To lie on my couch, in a food-induced coma, and watch college football’s rivalry games. All day. Without respite. Beer doesn’t count as respite. I’ll remember Saturday, November 23, the Year 2002 forever. That’s because this day is going to be both the best and worst of my life.
Imagine: college football all day, with every team playing its most bitter, hated rival. Plus, in some far-off universe outside of Vegas and gambling (‘Honey, where is your nanna’s box of jewelry? Some punk missed a chip shot field goal and Squeegee State didn’t cover the spread. Also, we need to sell the house’) some of the games are meaningful. Michigan vs. Ohio State will most likely decide whether the Buckeyes—I asked a friend once: a buckeye is some kind of weird nut, and yes, they have a nut-headed mascot—go on to play the Miami Hurricanes for the national title. This game has been a nightmare for the Nutheads: twice in recent years they’ve needed only to beat the Michigan Wolverines to go to the title game, and twice Michigan has won and brutally ruined Ohio’s season at the last moment. I’m very psyched for this game. This is the kind of game where the losing cheerleaders cry and the coach begins a new career fixing mufflers at the Siberian Meineke.
This is the early game, starting fittingly at high noon. After that, it’s decision time. The ‘Iron Bowl,’ usually a vicious brawl between the Alabama Crimson Tide and the Auburn Tigers, starts at 3:30. Winning the ‘Iron Bowl’ is only half of it: killing someone on the other team is also part of the plan. I love the ‘Iron Bowl.’ But at that same time, the Trojans of U.S.C. play the Bruins of U.C.L.A. in what I like to think of as the ‘Juicy Fruit Bowl.’ Being a nor-easterner, anything related to Southern California is viewed with disbelief, boredom, or scorn. Then again, this is Rivalry Day, and scorn is what this whole thing is about.
After those games, the schedule is fuzzy. I’d thought that next I would watch Oregon vs. Oregon State in a game billed ‘The Civil War’ but the game isn’t listed anywhere. How could this time-honored contest, between the Oregon Ducks and the Oregon State Beavers - dude, you gotta see their home field, where a ferocious orange beaver is painted at the 50-yardline—not be played on Rivalry Day?

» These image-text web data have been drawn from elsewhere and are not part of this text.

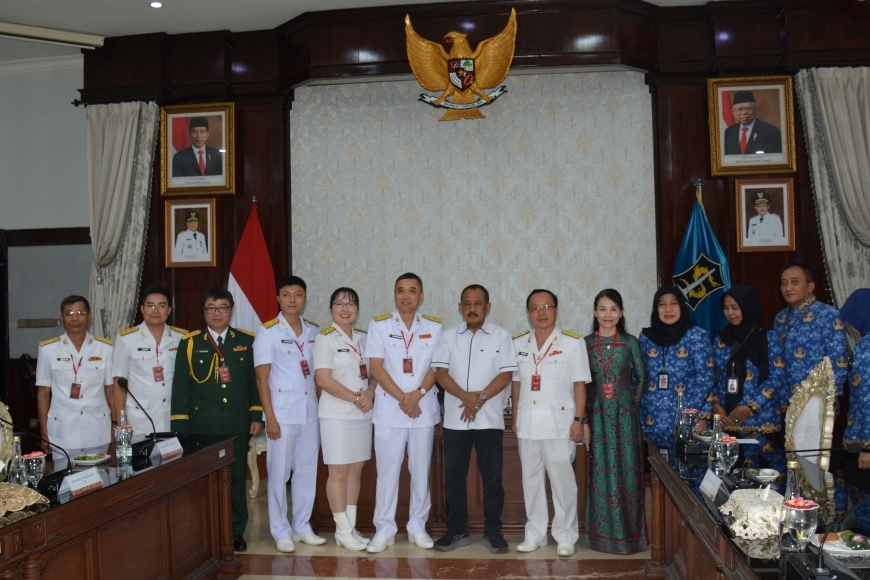 Gallery - 黎贵惇286号帆船抵达泗水港 开始对印尼进行访问交流之旅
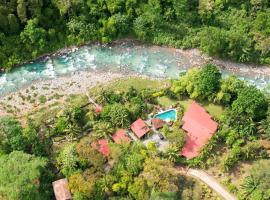 Casitas Del Rio Riverfront Jungle Beach Vacation, hotel Uvitában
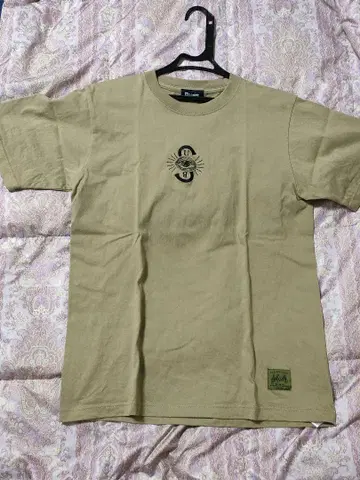 Subciety 베이지 티셔츠 M 사이즈 미착용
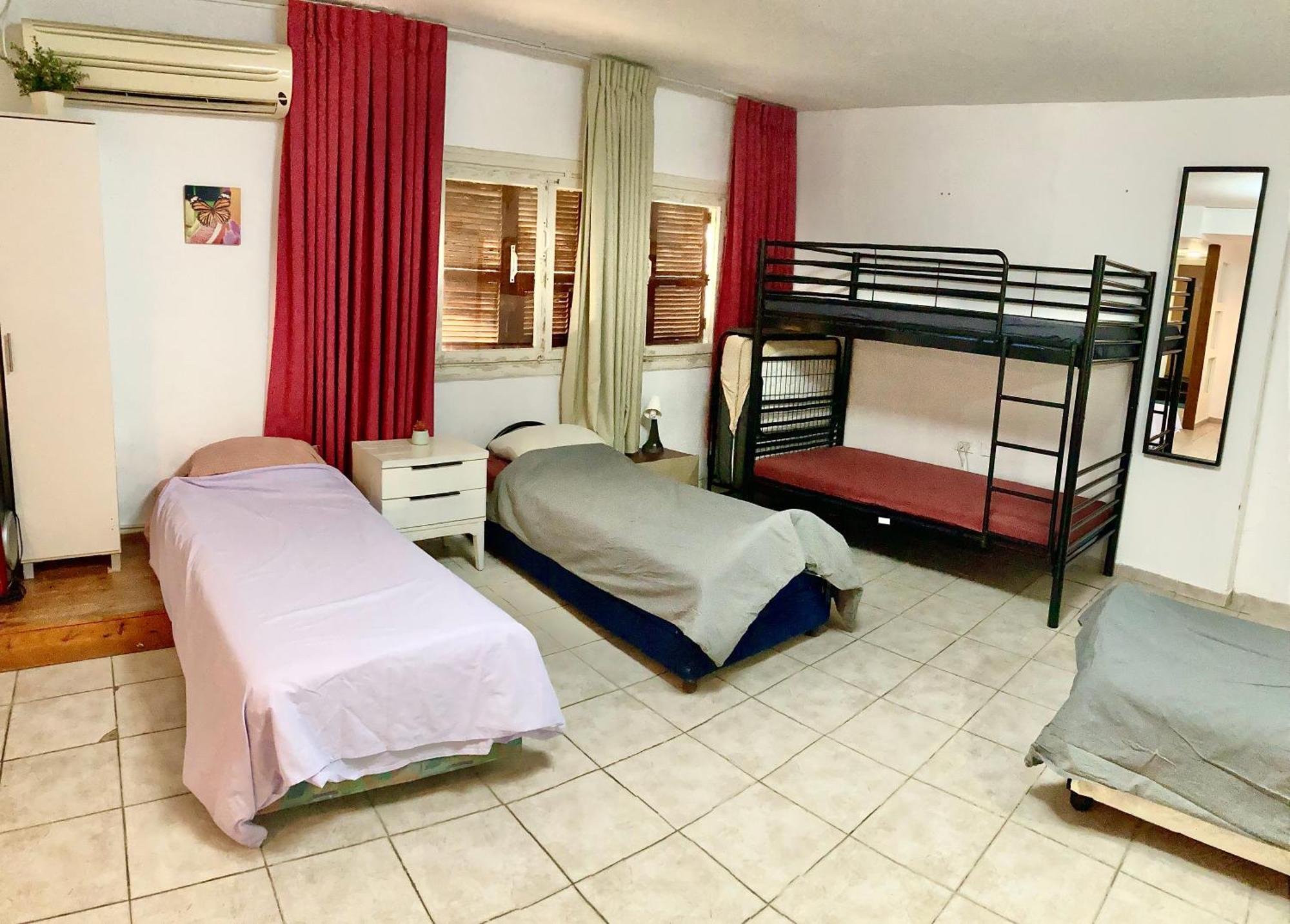 Dotan'S Boutique Guesthouse - By The Beach! テル・アビブ エクステリア 写真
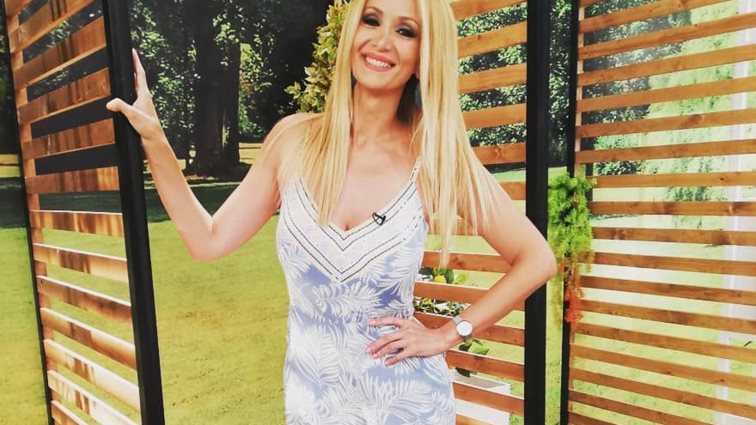 Νάταλι Κάκκαβα: To καρφί on air για τη Μαλέσκου: «Αντιγράφει εμφανώς τη Μενεγάκη»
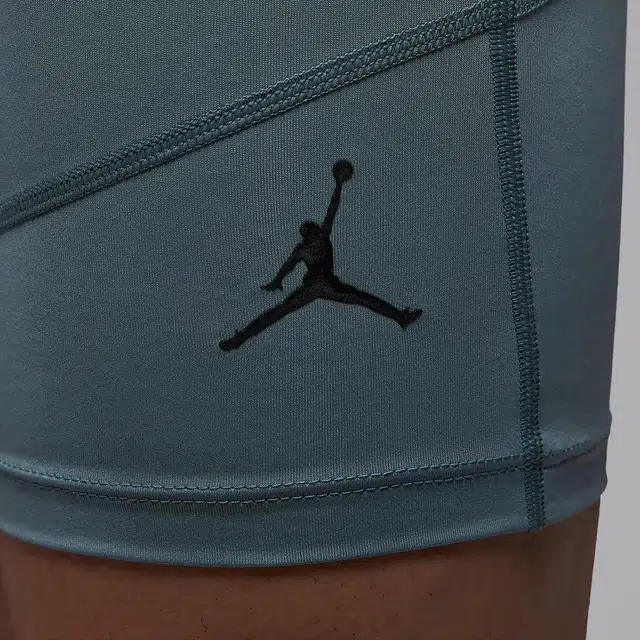 Jordan Sport Dri-FIT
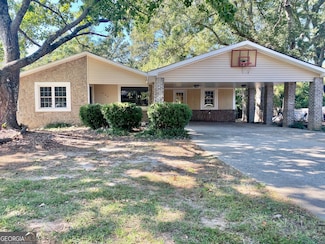 209 Scarborough Rd, Centerville, GA 31028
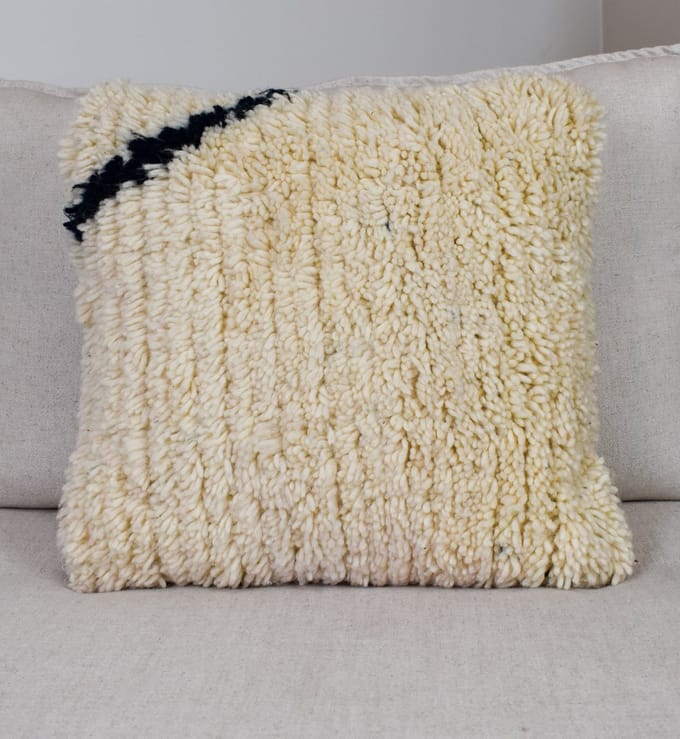 Poufs&Pillows - Fluffy beni ouarain kussen - handgeweven uit natuurlijk wol - vierkant 40x40 cm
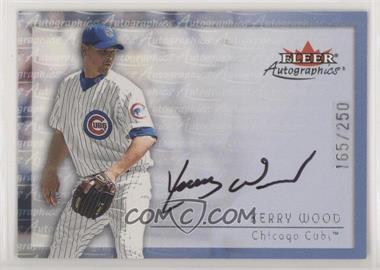 2001 Fleer Showcase - Autographics - Silver #_KEWO - Kerry Wood /250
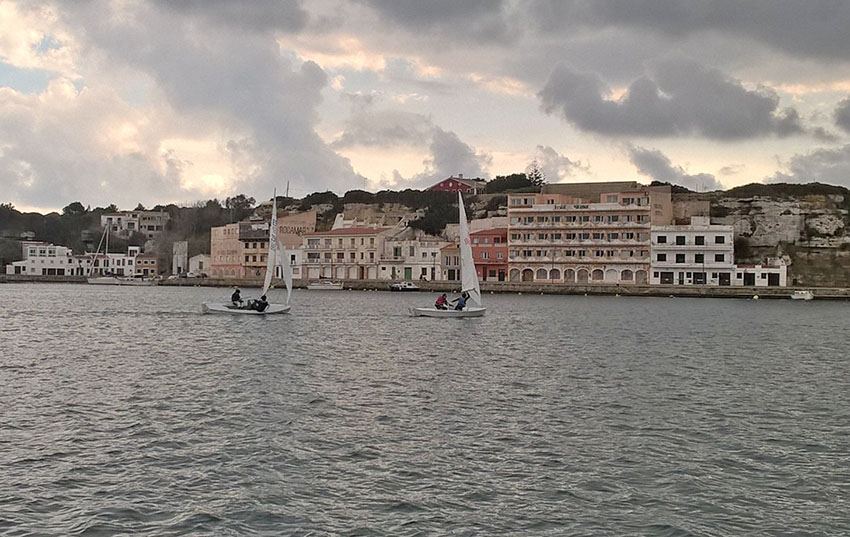 Toni y Clàudia Pons se imponen en el ensayo del autonómico de snipe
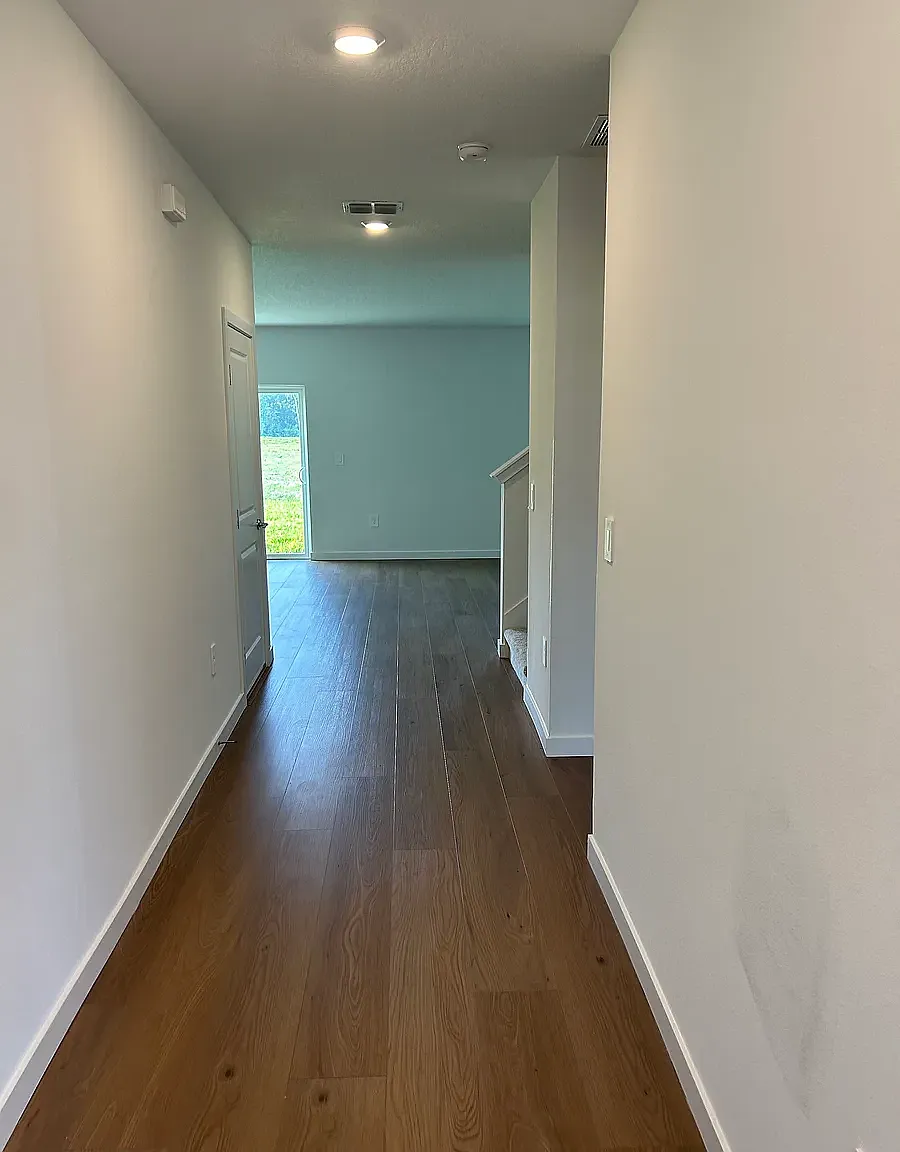 5 bed, 2451 sqft, $2,800 — Photo 3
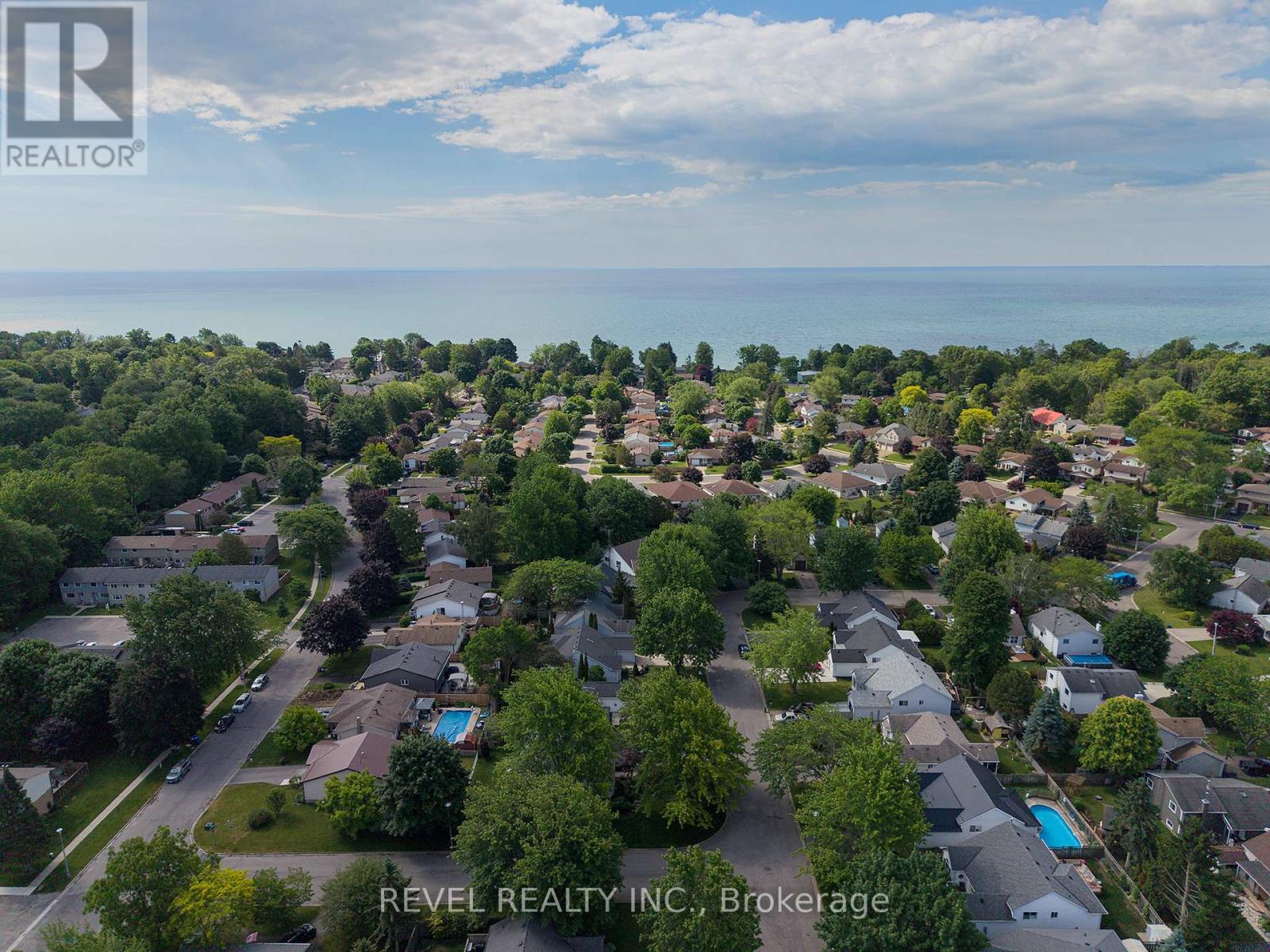 61 LESLIE AVENUE - 41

This one is a classic: the kids at State think of the Oregon team as a bunch of imported rich kid hippies and call the school the University of Cal. at Eugene, while the Oregon guys consider the State crew a bunch of illiterate car-thieves and thugs. Both sides are right, and that’s what makes this game so much fun. However, sorrowfully, the game isn’t being played today, or if it is, no one has listed ‘The Civil War’ anywhere. This may be a Homeland Security situation, so best not to investigate overmuch. I don’t need no civil war…
Without that, I’m left with grisly options. South Carolina Gamecocks (battle slogan: ‘Beat Your Gamecock!’) vs. the Clemson Tigers? God help me. The Oklahoma Sooners vs. the Red Raiders of Texas Tech with their star quarterback Kliff Kingsbury (I’m not making this stuff up) is also on, and I may watch that one just to see if Kliff can work his magic and upset the Sooners, a team I’ve rooted against all my life for no reason whatsoever. Again, that’s what this is all about.
Noon kickoff is moments away, so I have to make subs, fly a foxtail from the car, and kick my girlfriend, fresh from having her wisdom teeth yanked out, off the couch. This ain’t no party, this is serious business. Back at the half.
Halftime: Michigan 9, Ohio State 7
Without a doubt, this is the Game of the Day. Over 100,000 Ohio fans have filled their stadium, nicknamed the Horseshoe, and all of them are insane. How crazy is the atmosphere? The Nuthead scoreboard operator, in a fit of hubris, posted fake scores (Ohio St. 200-Mich. 0) during pre-game warm-ups. The reporters are so jacked up they’re going over anatomy textbooks with an orthopedic surgeon as they explain shoulder injuries. Despite the crowds and some shifty calls by the refs, Michigan is out-playing State, but they’ve flubbed some chances to break the game open and face a long second-half battle. It’s a good thing they’ve got a defensive starter named Lazarus.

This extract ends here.